In addition to hydrolyzing mucin O‐glycans, a variety of glycosidases in C. tertium HGMC01 and other Clostridial strains may promote virulence by de‐glycosylating host cell‐surface glyconjugates to enhance host‐bacteria interaction, adhesion, or invasion (Yamaguchi and Yamamoto 2023). It is still unknown whether C. tertium HGMC01 can adhere to specific glycan structures on the surface of host cells. Nevertheless, a secreted protein (C‐tertium_1_03740) consisting of three CBM51 and one CBM32 for blood group A/B‐antigen that was predicted to bind galactose was commonly present in the genomes of C. tertium HGMC01 and the other five ortholog strains (Table 3 and Supporting Data S1). The human gastric mucin O‐glycans harbor blood group A/B‐antigens, providing glycan structures that can serve as potential binding sites for pathogenic bacteria (Kappler and Hennet 2020; Jajosky et al. 2022). As a possible virulence factor, the presence of this protein in C. tertium suggests that C. tertium strains can recognize blood group antigens as well as mucin O‐glycans as glycan epitopes by acting as initial attachment factors and specific entry receptors on host cell surfaces.

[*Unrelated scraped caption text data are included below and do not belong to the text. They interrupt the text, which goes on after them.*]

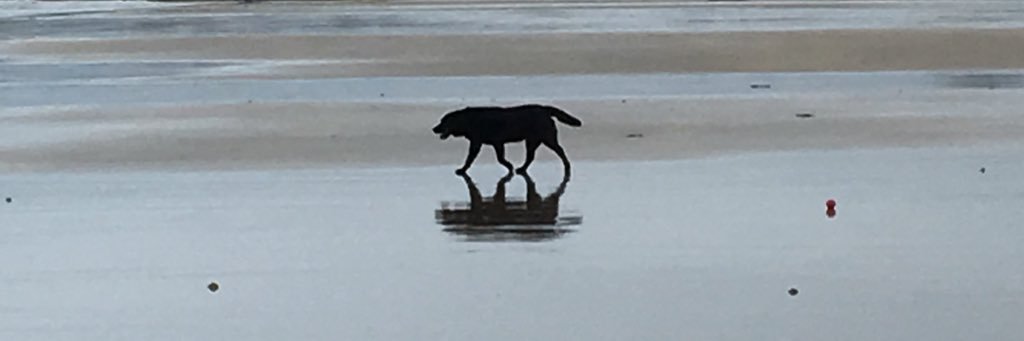 Katie Higgins banner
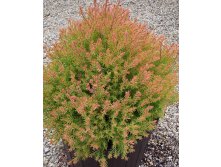 165,9.  Thuja occidentalis Fire Chief_P10.5.jpg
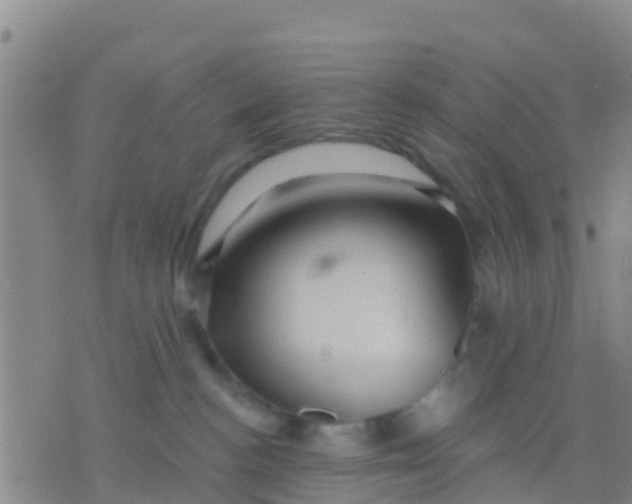 X0000075830188200610061831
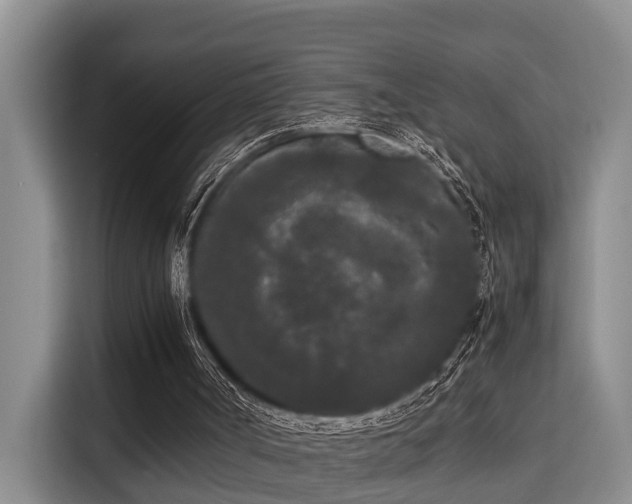 X0000115720002200911191401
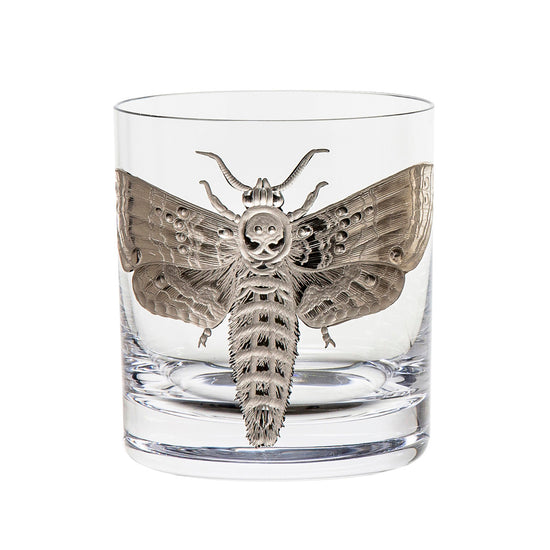 Cabinet of Curiosities Butterfly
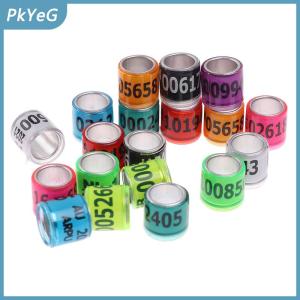 PkYeG 20 pcs Pigeon vòng chân với từ Bông tai 2024 Nhiều màu chim công cụ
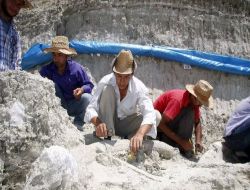 Fillerin Atası Kabul Edilen Mastadon Fosilleri Rum Kilisesi'nde Sergilenecek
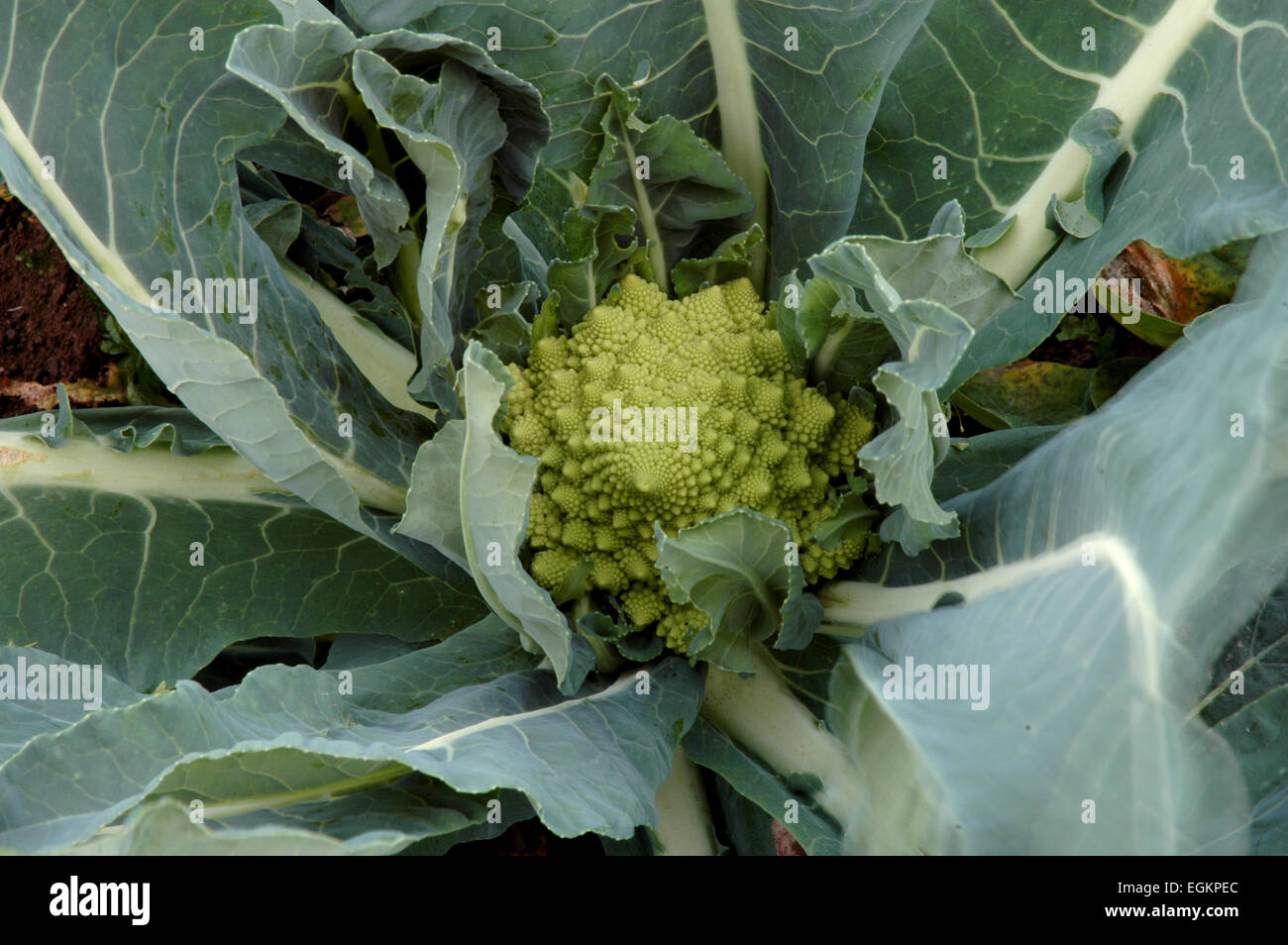 romanesco cauliflower Stock Photo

No C. tertium strain has yet been found to cause inflammatory bowel disease. Nonetheless, several cases of colitis caused by C. tertium strains have been reported (Chalhoub et al. 2016; Li et al. 2021; Tanwar et al. 2023). Depending on the diversity of genes encoding toxins, virulence factors, and enzymes for mucin O‐glycan degradation, C. tertium strains, like C. difficile strains, may gain different virulence capabilities and then affect inflammatory bowel disease (Labourel et al. 2023; Tanwar et al. 2023). Our results demonstrated that C. tertium HGMC01 can contribute to cytotoxicity and TLR‐mediated host inflammatory response (Figures 4 and 5). The whole‐cell treatments stimulated both hTLR2 and hTLR4. The cell wall of C. tertium HGMC01 may contain various glycoconjugates known as TLR2 ligands, including peptidoglycan (PG), lipoteichoic acid (LTA), lipopeptide/protein (LP), capsular polysaccharides (CPs), and exopolysaccharides (EXs) (Muzio et al. 2000). Although TLR4 is mainly activated by LPS‐mediated immune responses to Gram‐negative bacteria, it can also respond to a wide variety of bacterial glycoconjugates, endotoxic LPS partial structures, and gram‐positive LTA, but not to gram‐positive bacteria, PG, or LP (Dziarski and Gupta 2000). Therefore, the LTA structures in the cell wall of C. tertium HGMC01 may have contributed to the hTLR4‐dependent response.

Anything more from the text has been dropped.